However, the new government is populated by more conservative elements and they are pushing for stricter cannabis policies. The border town of Maastricht passed a ban on foreigners patronizing the coffee shops to address a problem with Belgian and French “drug tourism”. Some 70% of coffee shop business derives from foreigners. The court of the European Union has upheld the ban, contrary to usual EU decisions allowing for free trade and free travel among the member nations. An appeal will be heard on December 16.

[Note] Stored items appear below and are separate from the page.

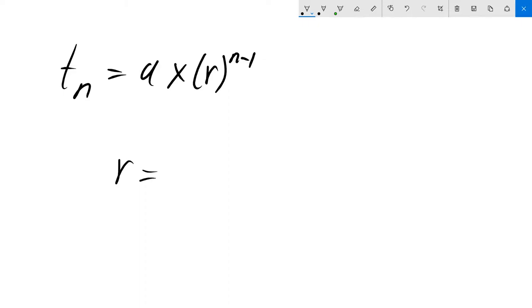Let's say r is 3 and a is 2 for now. The first term is going to be a times r to the power of 1 minus 1. 1 minus 1 is 0, so r gets cancelled out and we're just left with 2.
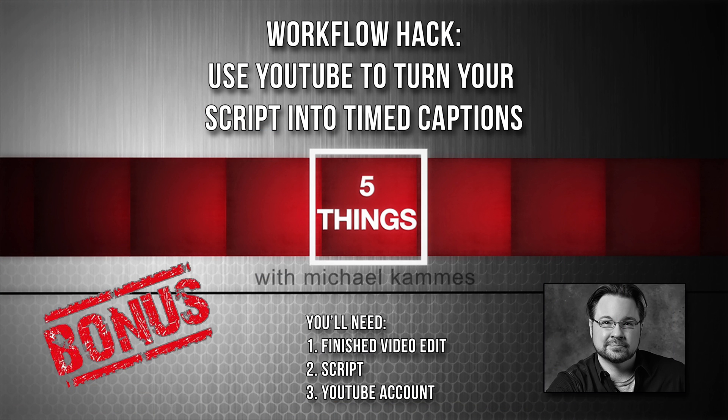Thanks for tuning in. My name's Michael Komas. Check out 5thingsseries.com for more tech goodness.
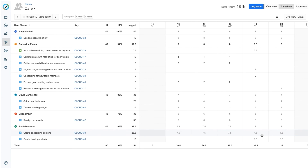Like many organizations, mine has implemented an approval process. This means that my team members must submit their timesheets to me for review and approval at the end of our company's reporting period. If this sounds like your company, check out the next video to see how to approve timesheets for your team.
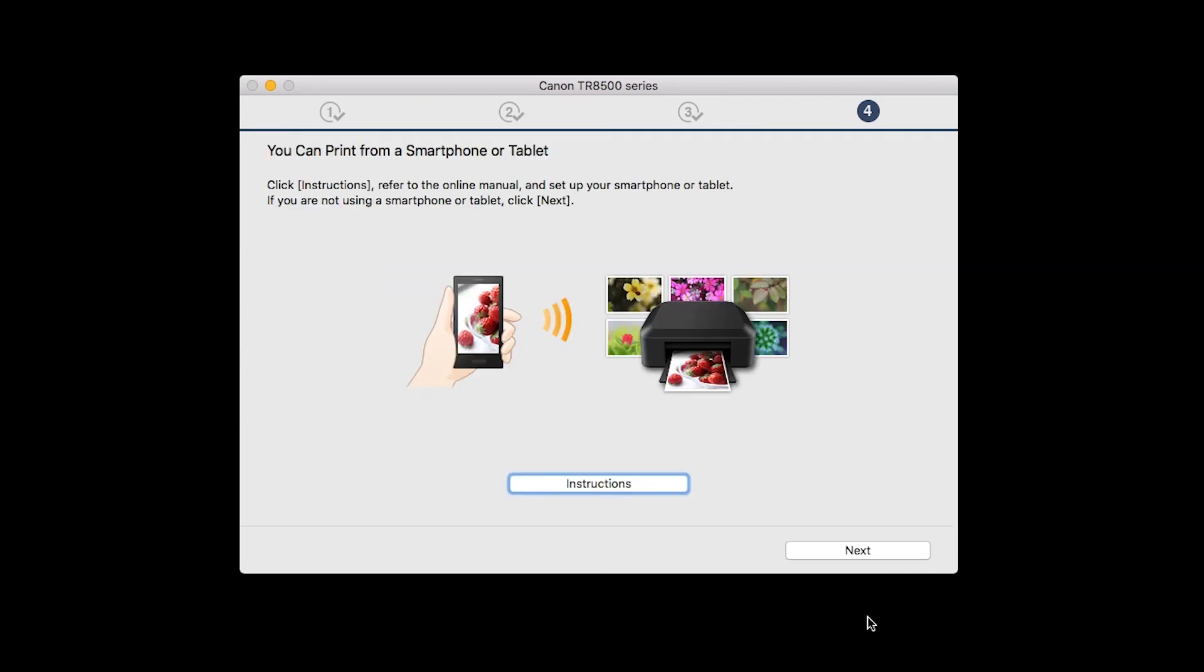On this screen, you can get instructions on how to set up a mobile device, such as a smartphone or tablet. Click Next.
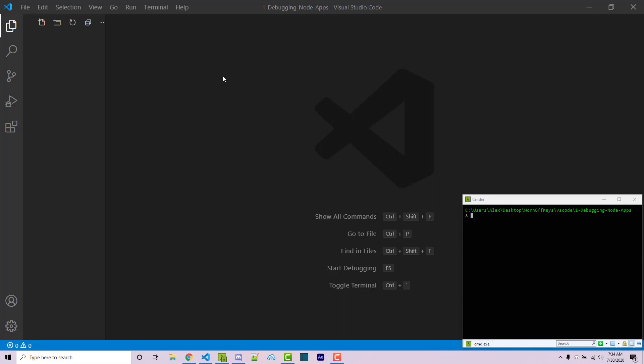Hello everyone, Alex here from warnoffkeys.com. In this video I'm going to show you how you can debug Node applications using VS Code.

The new government pushes to enact a nationwide ban on foreigners in coffee shops through the creation of a “cannabis pass” available only to Dutch citizens. However, Tilburg University researcher Nicole Maalsté tells the Dutch newspaper Trouw that the ban would have the opposite of its intended effect, leading to more crime.
Maalsté says tourists who want to buy drugs will simply look for street dealers. In addition, there are many Dutch nationals who do not want to be registered as official marijuana users, she says.
‘Which problem do we want to solve with the pass?,’ she asks. ‘Eindhoven does not have a problem with drugs tourism.’
So the foreigners who would cross the border into Holland for their cannabis will turn to the streets when the coffee shops aren’t available. The growers who supply the coffee shops can make more money selling for higher prices in the street than are found in the shops. The Dutch citizens who value their privacy will also turn away from the coffee shops and get their cannabis in the streets.
As it is in the United States, when social conservatives get the reins of power and try to restrict cannabis, underground unregulated marijuana dealers benefit.